Alzheimer's is an insidious brain disease marked by a slow mental decline that can develop unnoticed for decades before symptoms arise, but hidden signs of the condition might exist much sooner.
New research suggests that the thinning of a person's retina – the light-sensitive tissue that lines the back of the eye – in middle age is linked to cognitive performance in their early and adult life.
While much more research is needed, the team behind this new study says the findings might one day pave the way towards a simple eye test that could help predict a person's risk for conditions such as Alzheimer's disease, the most common form of dementia.
"Given we haven't been able to treat advanced Alzheimer's, and that the global prevalence of the disease is increasing, being able to identify people in the preclinical stage, when we may still have the chance to intervene, is really important," says health researcher Ashleigh Barrett-Young from the University of Otago, New Zealand.
People with Alzheimer's often live with visual impairments that might contribute to mental confusion, disorientation, and social withdrawal – all symptoms that, along with memory loss, disrupt the daily lives of millions of people living with the disease worldwide.

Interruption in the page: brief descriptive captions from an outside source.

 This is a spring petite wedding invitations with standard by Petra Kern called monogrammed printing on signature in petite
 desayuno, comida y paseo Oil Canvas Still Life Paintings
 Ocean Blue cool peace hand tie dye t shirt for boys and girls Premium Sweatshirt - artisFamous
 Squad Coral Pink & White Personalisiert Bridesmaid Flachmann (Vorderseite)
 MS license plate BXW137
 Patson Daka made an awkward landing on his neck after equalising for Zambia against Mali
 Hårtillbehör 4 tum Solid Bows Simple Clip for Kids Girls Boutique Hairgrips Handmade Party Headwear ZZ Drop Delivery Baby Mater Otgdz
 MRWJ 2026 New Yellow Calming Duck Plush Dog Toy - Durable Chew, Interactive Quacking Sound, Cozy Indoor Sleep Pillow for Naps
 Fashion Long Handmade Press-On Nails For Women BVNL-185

This is not the first time, though, that scientists have suggested the eyes could be a window into the brain. Over a decade ago, researchers found amyloid-beta proteins, the hallmark of Alzheimer's, in the retinas of people with the disease, and subsequent eye imaging studies revealed Alzheimer's patients had thinner retinas, too.
A 2018 study also found strong links between Alzheimer's disease and three common eye conditions, including glaucoma and macular degeneration.

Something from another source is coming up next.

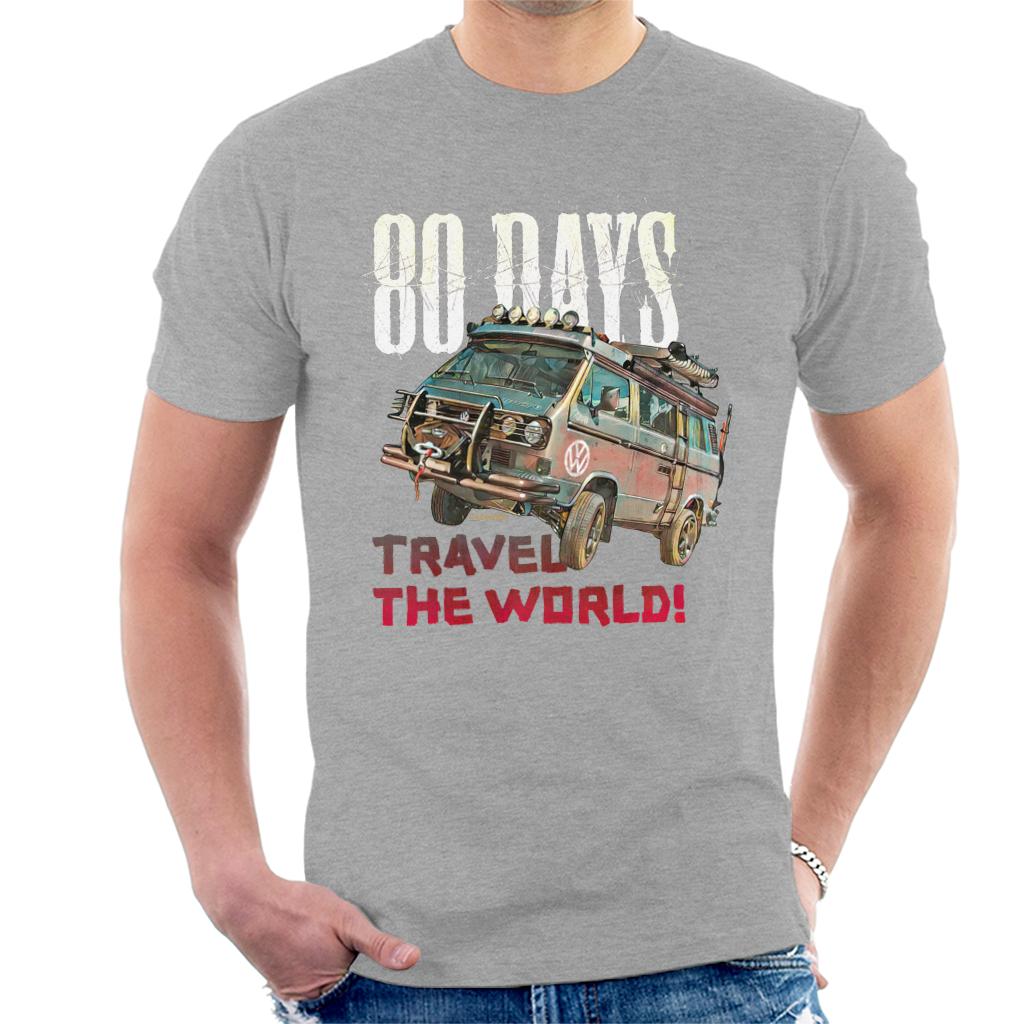 Volkswagen Campervan 80 Days Travel The Globe Men's T-Shirt-ALL + EVERY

While such observed associations are intriguing, the risk factors for Alzheimer's are many and varied, so for now, any links between Alzheimer's and eye health are still under intense investigation.

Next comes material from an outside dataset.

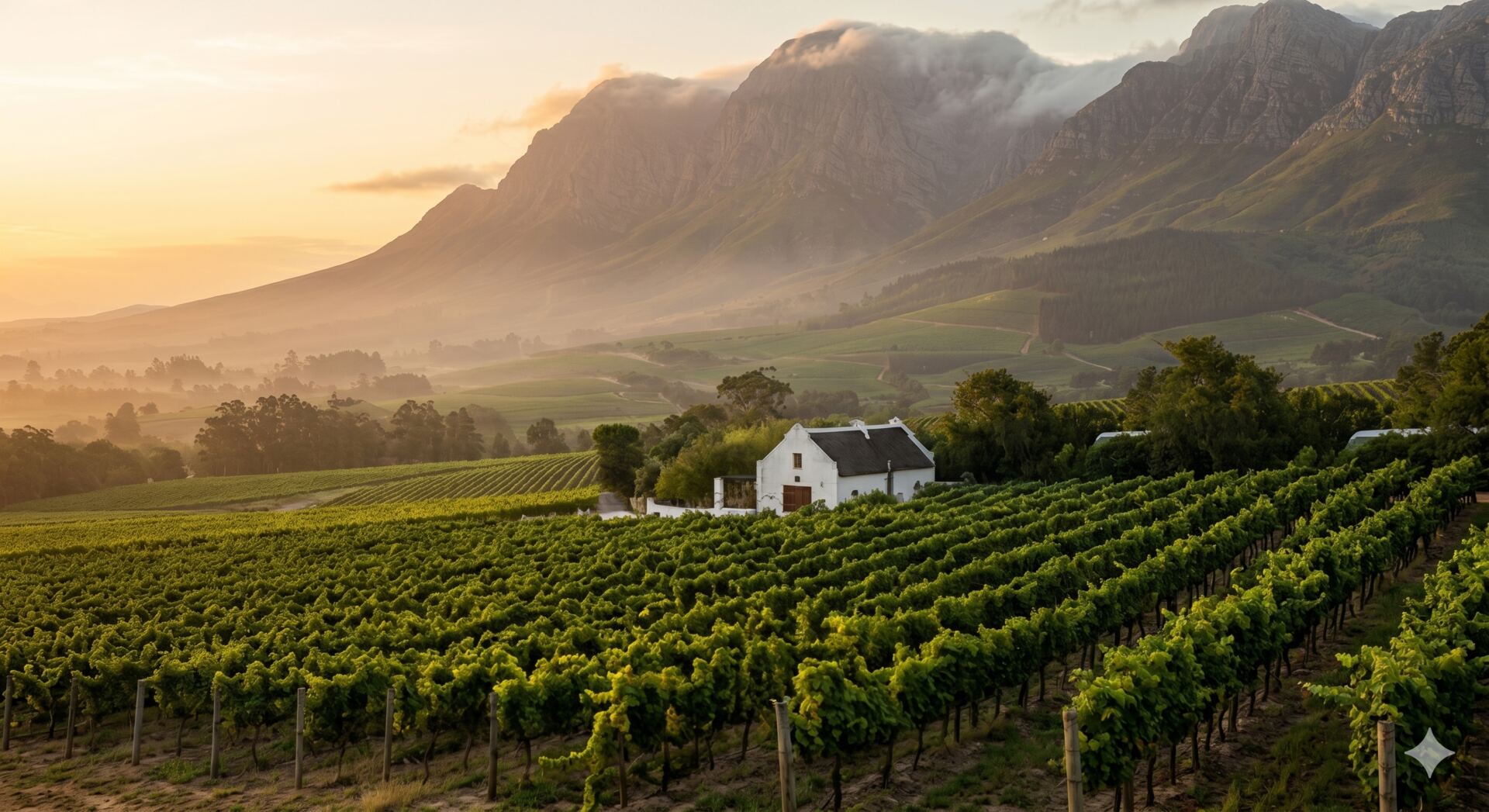 Morning mist over vineyards and a Cape Dutch farmhouse beneath the mountains of the Cape Winelands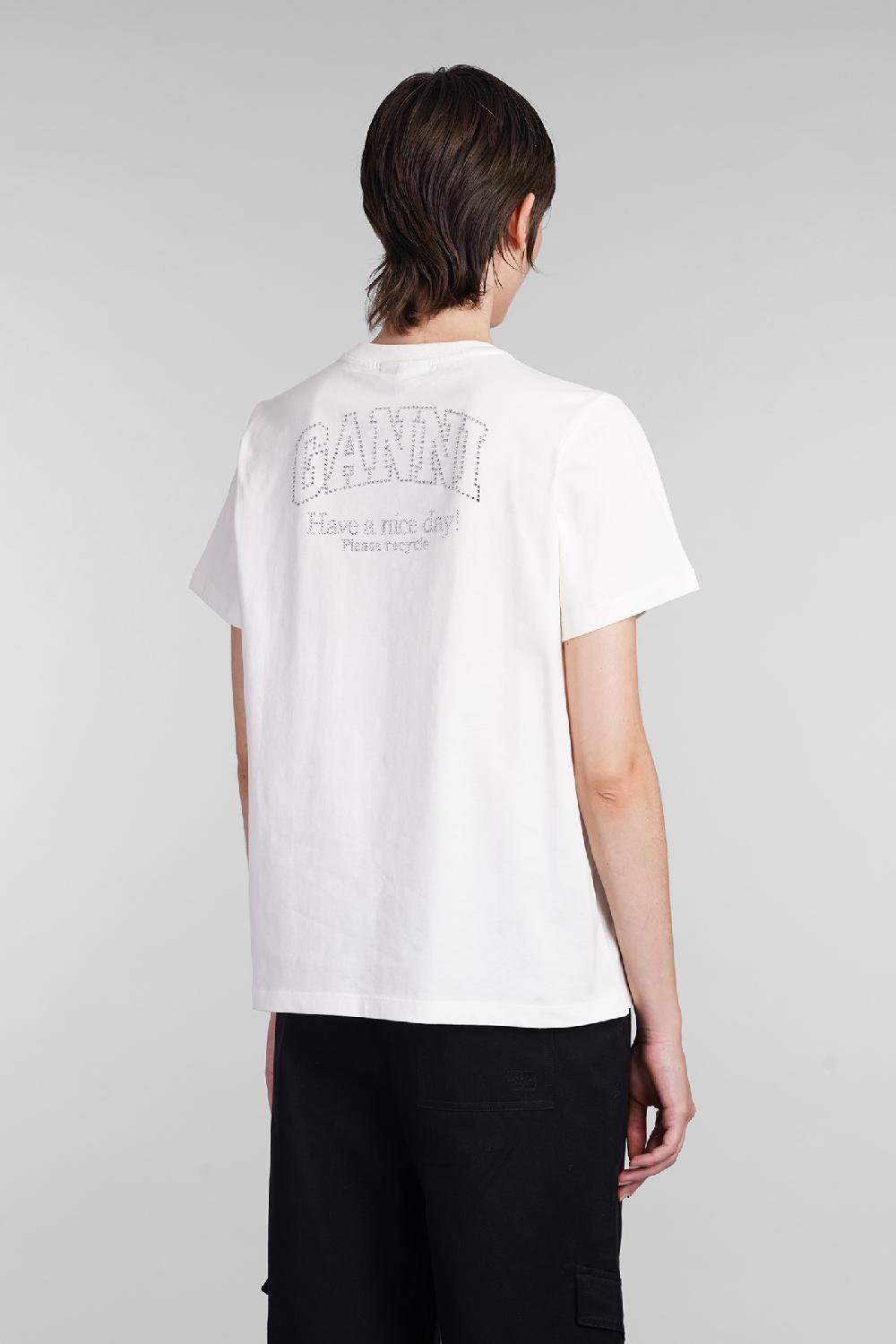 Deliberti Ganni T-shirt in cotone beige cod. 403453 - Deliberti The Luxury Shopping Qualità Garantita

In the new study, researchers crunched data from the long-running Dunedin Study, which has followed the lives of over 1,000 babies born in the early 1970s at one hospital in New Zealand since their birth.
Five decades later, Barrett-Young and colleagues selected for their analysis a subgroup of 865 adults who had had eye scans at the age of 45 years, along with a battery of neuropsychology tests in adulthood and early childhood, as part of the Dunedin experiment.
The thickness of two different parts of the retina (retinal nerve fiber layers and ganglion cell layers), were measured on the scans.
Analysis showed that participants in the study with thinner retinal layers scored lower on cognitive performance tests, both as adults, and back when they were children.
However, no associations were found between retinal thinning and an overall decline in cognitive performance (between childhood and middle age) that might indicate something is afoot in the brain.
While thinner retinal nerve fiber layers at 45 were linked to a decline in brain processing speeds since childhood, that might just be a sign of general aging, and not necessarily linked to Alzheimer's disease.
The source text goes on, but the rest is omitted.